State Route 135 extended from US 360 at Green Bay north to US 460 southeast of Farmville along current SR 696. 5.5 mi from the Green Bay end was added to the state highway system in 1930 as State Route 318, which was extended north 1/2 mi in 1931 and the remaining 6 mi in 1932. It was renumbered SR 135 in the 1933 renumbering and downgraded to secondary in 1945. (SR 135Y, a 1 mi connection northeast to US 360 along original SR 20, which US 360 replaced, swapped with SR 135 by 1940, and its original route was downgraded to SR 694 in 1943.)

- Major intersections

| Location | mi | km | Destinations | Notes |
| Green Bay | 0.00 | 0.00 | US 360 (Patrick Henry Highway) |  |
| ​ | 11.30 | 18.19 | US 460 (Prince Edward Highway) |  |
1.000 mi = 1.609 km; 1.000 km = 0.621 mi

==SR 152==

State Route 152 was a spur from Wilborn Avenue (now US 501 southbound) in South Boston to the former South Boston Airport, following Edmunds Street and Lomax Avenue. The route was added to the state highway system in 1931 as State Route 322 (the portion within South Boston limits was defined in 1932), which became SR 152 in the 1933 renumbering and was downgraded to secondary SR 852 in 1942.

==SR 158==

State Route 158 extended north and east along present SR 778 from US 60 between Sandidges and Sardis via Lowesville to Shady Lane, and then continued east to US 29 at Colleen along present SR 56.

The first 1.75 mi of road west from Shady Lane was added to the state highway system in 1927 as State Route 182 (a spur of SR 18, which followed present SR 151 through Shady Lane). It became State Route 313 in the 1928 renumbering, and a 1 mi extension to the county line at Lowesville was added later that year, along with a second section northeast from current US 60. The 1.1 mi gap at Lowesville was filled in 1930, making a continuous route from near Sardis to Shady Lane. In 1931 or 1932, SR 313 was extended northeast from Shady Lane to SR 18 (now SR 6) near Nellysford, replacing a former alignment of SR 18 through Lanes Ford and the entirety of SR 315; a 7.7 mi gap in this addition was filled in 1932. The entire length of SR 313 became SR 151 in the 1933 renumbering, but in 1947 it was split at Shady Lane due to the realignment of US 29 (which had replaced that part of SR 18).
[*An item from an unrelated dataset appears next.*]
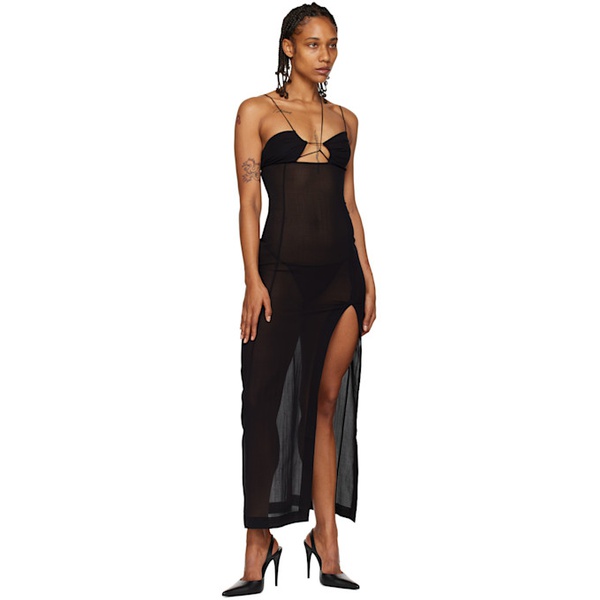  넨시 도자카 Nensi Dojaka Black Asymmetric Maxi Dress 231334F055000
SR 151 was rerouted south from Shady Lane on what had been US 29 towards Amherst, while the portion west and south from Shady Lane was combined with old US 29 east to Colleen to become a new SR 158.

The part of SR 158 west of Shady Lane was downgraded to secondary in 1954. The remainder kept its number until 1970, when it became part of SR 56 in place of a proposed more direct alignment on SR 655 through Roseland, which had not been a primary highway since SR 14 was removed from it in about 1930.

==SR 283==

State Route 283 extended north from SR 56 north of Dentons Corner along present SR 602 in the direction of Howardsville, ending about 1 mi south of Glenmore.

The first portion of SR 283 became a state highway in 1930 when SR 306 was extended northwest from Buckingham, overlapping SR 13 to Dentons Corner and then continuing north for 2.5 mi. A further extension of 1.1 mi in 1932 took it to the present junction of SR 601 near Mount Vinco.

In the 1933 renumbering, this extension of SR 306 became SR 283, the highest state route number assigned at the time, with the exception of the southernmost 1 mi, which was instead part of SR 56. It was extended a further 3 mi in 1937 and 1.2 mi in 1938, but only four years later the northern 3.1 mi were downgraded to secondary as an extension of existing SR 602. The job was finished the next year, in 1943.

- Major intersections

| Location | mi | km | Destinations | Notes |
| ​ | 0.00 | 0.00 | SR 56 (South James River Road) |  |
| ​ | 6.72 | 10.81 | SR 602 (Howardsville Road) – Glenmore, Howardsville |  |
1.000 mi = 1.609 km; 1.000 km = 0.621 mi

==SR 297==

State Route 297 was the designation for Linkhorne Drive in what is now part of the city of Lynchburg, running east from Old Forest Road (then SR 291) at Forest Hill to a dead end and a proposed connection to Langhorne Road (US 501) barely inside Lynchburg. It was added to the state highway system in 1935 and downgraded to secondary in 1942.